Return all of the data exactly as written, without the pictures.

* Provided material:
# # # # #
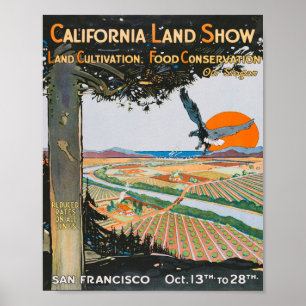 San Francisco California Land Show  Poster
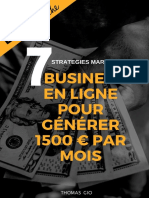 7 Business en Ligne Pour Gagner 1500 Mois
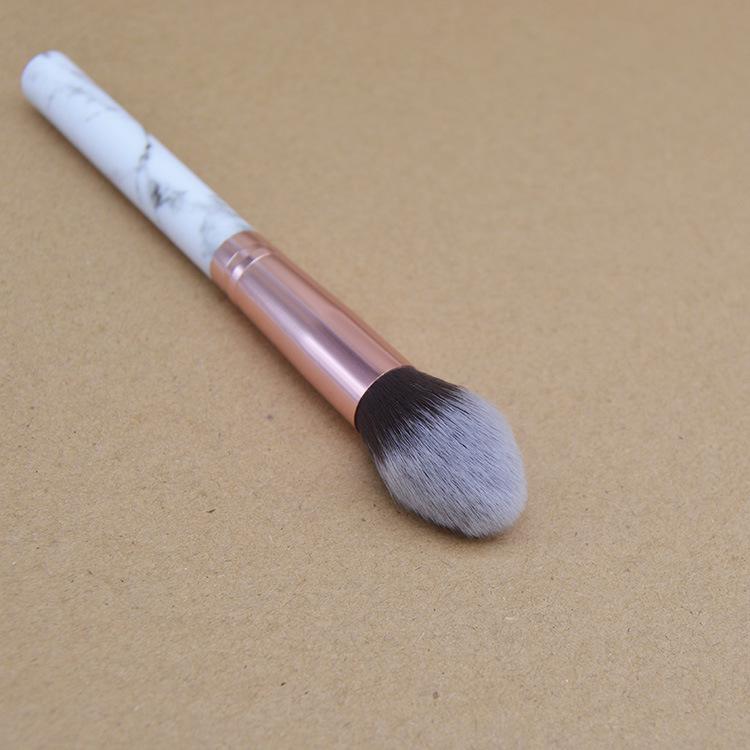 Marble Pattern Makeup Brush: Blush, Powder, Highlighter, Dusting - In Stock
# # # # #
* Your response:
 San Francisco California Land Show  Poster
 7 Business en Ligne Pour Gagner 1500 Mois
 Marble Pattern Makeup Brush: Blush, Powder, Highlighter, Dusting - In Stock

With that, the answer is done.